WORK TASK
Write down exactly the lines from the one below that has "Oxidized Sunflower Diamond" to the end of the data, both ends included; the pictures should not appear in your copy.

────

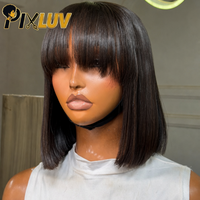 Perruque en cheveux humains naturels vierges brésiliens en gros pour femmes noires, perruque courte bob avec dentelle HD, perruque frontale sans colle avec dentelle HD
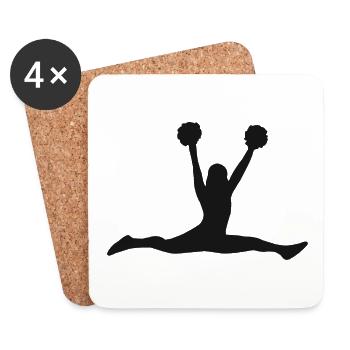 Cheerleader Gift Sports Dancing Baseball Cheer - Coasters (set of 4) - white - Front
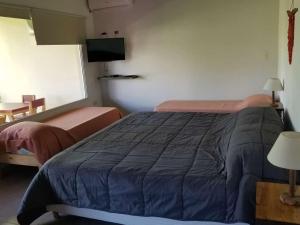 1 dormitorio con cama, mesa y TV en El Sosiego Posada de Campo en Colón
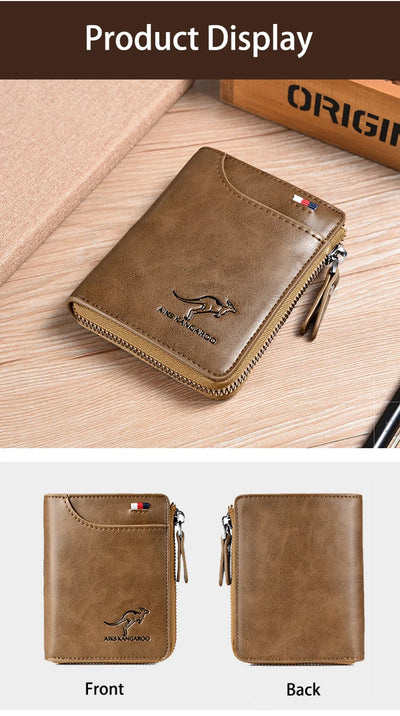 Mens Wallet Leather Business Card Holder Zipper Purse Luxury Wallets for Men RFID Protection Purses Carteira Masculina Luxury - Smarsty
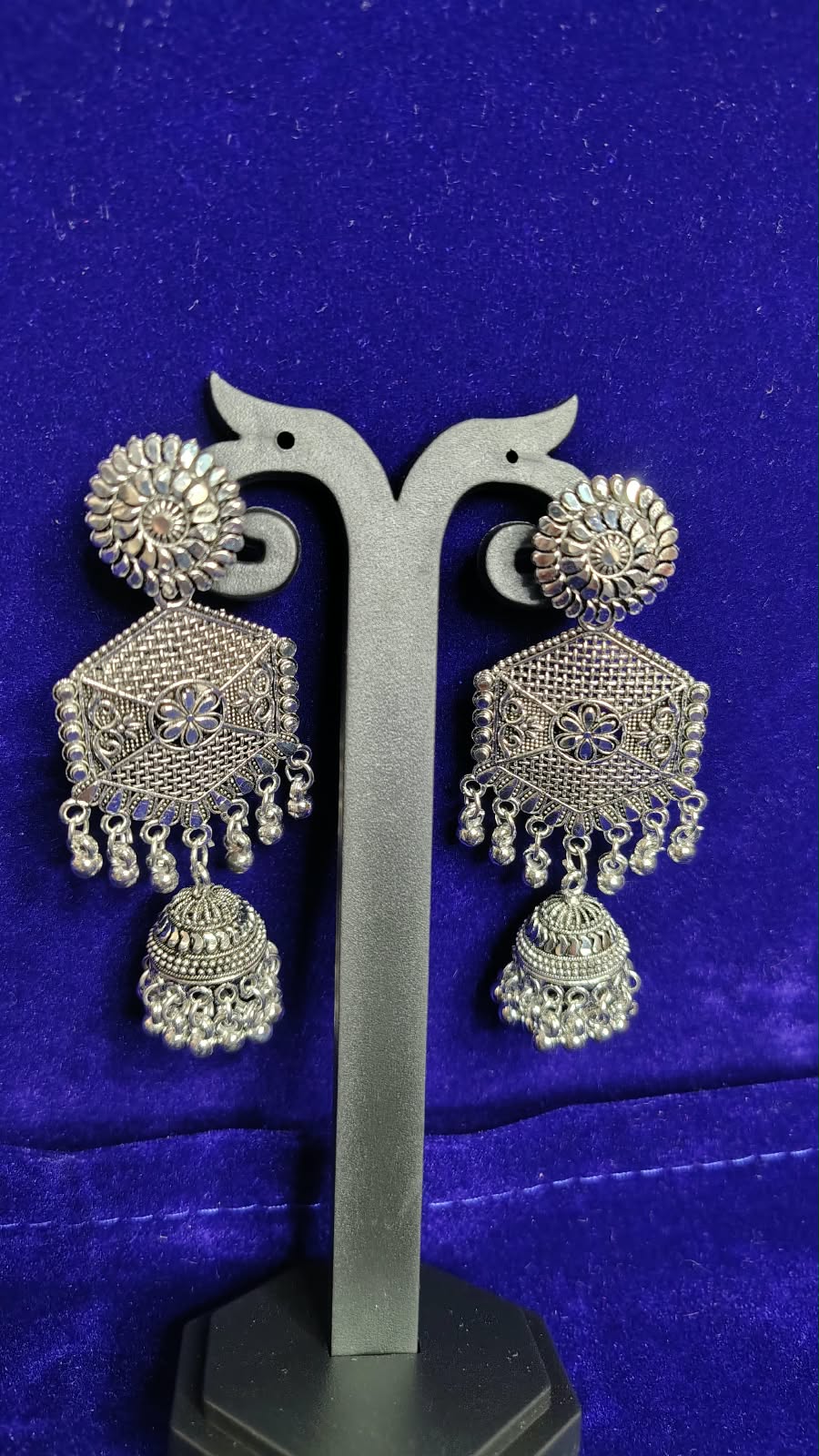 Oxidized Sunflower Diamond Jhumka Earrings - Front View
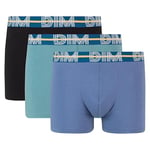 DIM Boxer Homme Style Powerful Coton Stretch x3, Bleu Jacinthe/Vert Viride/Noir, XL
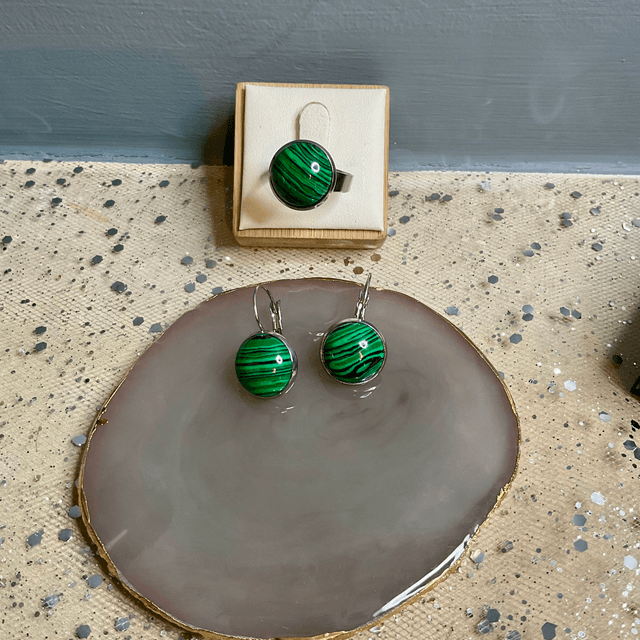French style cabochon earrings and ring set.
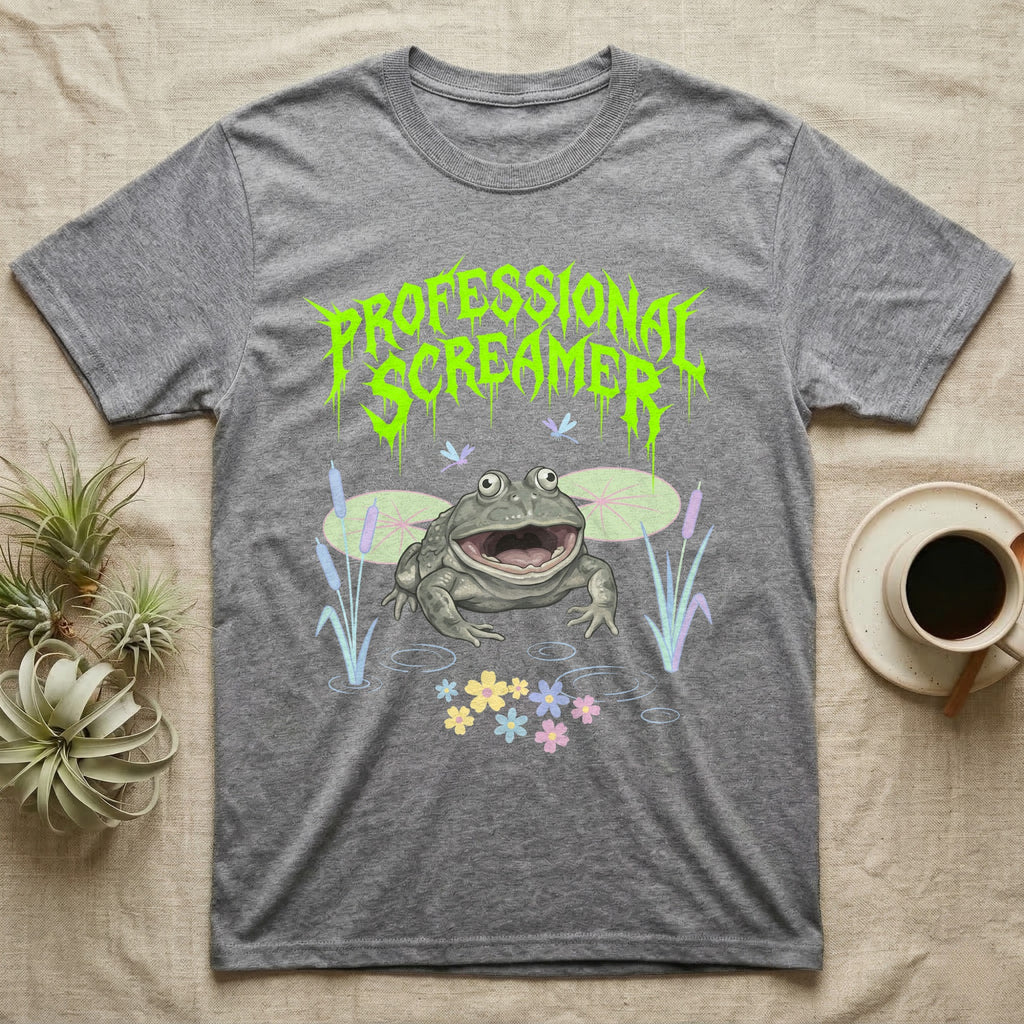 Budgett's Frog Feral T-Shirt in Sport Grey — Budgett's frog with wide screaming mouth under jagged acid-green metal text PROFESSIONAL SCREAMER with lily pads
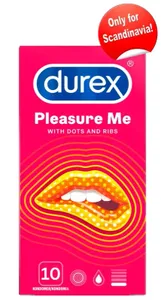 Durex Pleasure Me - Żeberkowane Prezerwatywy 10szt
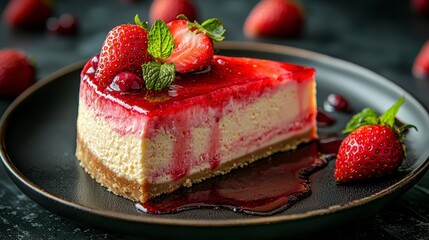 A piece of delicate strawberry cheesecake with jelly on an elegant plate.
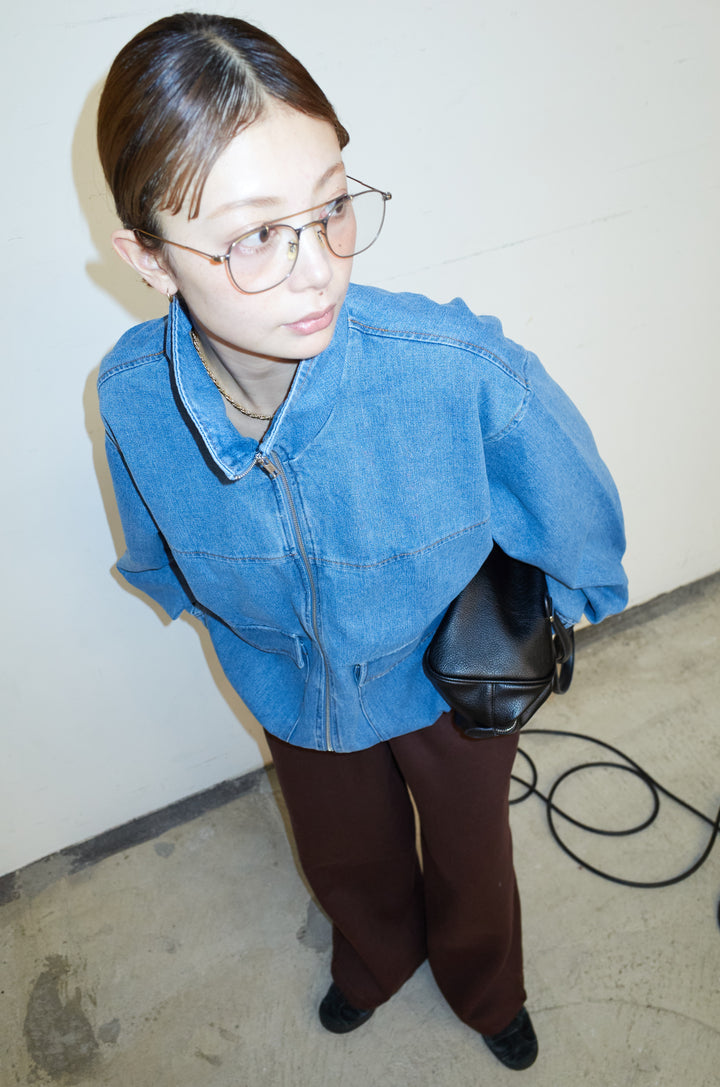 [予約/SET]スタンドジップデニムブルゾン+裏起毛スウェットワイドパンツ(2set)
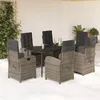 Image de Vidaxl Ensemble Ã Manger De Jardin Et Coussins 7 Pcs Gris Rotin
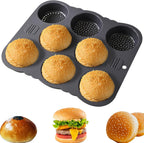 Hamburger Bun Pan,8 Cavities Silicone Hamburger Buns Mold,Non Stick Baking Pan for Making Hamburger,Bread Pans for Homemade Bread,Perforated Bakery Molds for Buns,Microwave Oven Refrigerator Safe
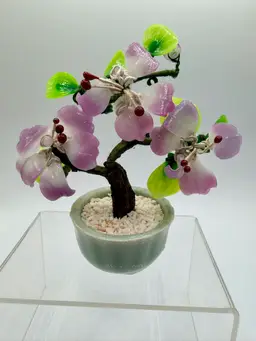 VTG Chinese Jade Glass Leaves Pink Cherry Flowers Bonsai Tree Green Celadon Pot 5” Tall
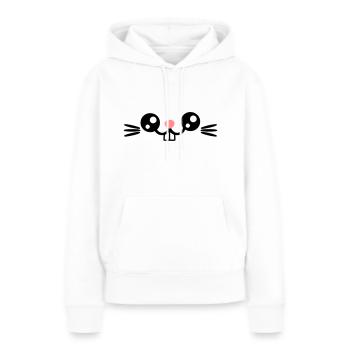 Pâques présente le joli visage de lapin / dents de lapin - Sweat à capuche Premium bio Femme - blanc - Devant - Julia (174cm)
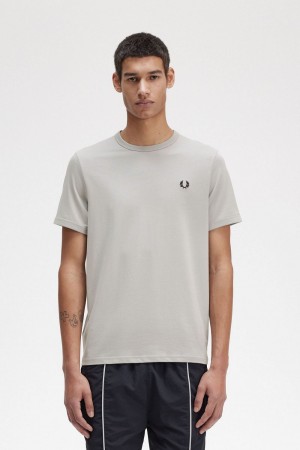 Fred Perry Ringer Men's T-Shirt Grey | KBJIL5329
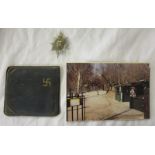 Nazi wallet, Worcester regiment cap badge & WWII postcards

────

OUTPUT FOR THIS EXERCISE
 Oxidized Sunflower Diamond Jhumka Earrings - Front View
 DIM Boxer Homme Style Powerful Coton Stretch x3, Bleu Jacinthe/Vert Viride/Noir, XL
French style cabochon earrings and ring set.
 Budgett's Frog Feral T-Shirt in Sport Grey — Budgett's frog with wide screaming mouth under jagged acid-green metal text PROFESSIONAL SCREAMER with lily pads
 Durex Pleasure Me - Żeberkowane Prezerwatywy 10szt
 A piece of delicate strawberry cheesecake with jelly on an elegant plate.
 [予約/SET]スタンドジップデニムブルゾン+裏起毛スウェットワイドパンツ(2set)
 Image de Vidaxl Ensemble Ã Manger De Jardin Et Coussins 7 Pcs Gris Rotin
 Hamburger Bun Pan,8 Cavities Silicone Hamburger Buns Mold,Non Stick Baking Pan for Making Hamburger,Bread Pans for Homemade Bread,Perforated Bakery Molds for Buns,Microwave Oven Refrigerator Safe
 VTG Chinese Jade Glass Leaves Pink Cherry Flowers Bonsai Tree Green Celadon Pot 5” Tall
 Pâques présente le joli visage de lapin / dents de lapin - Sweat à capuche Premium bio Femme - blanc - Devant - Julia (174cm)
 Fred Perry Ringer Men's T-Shirt Grey | KBJIL5329
 Nazi wallet, Worcester regiment cap badge & WWII postcards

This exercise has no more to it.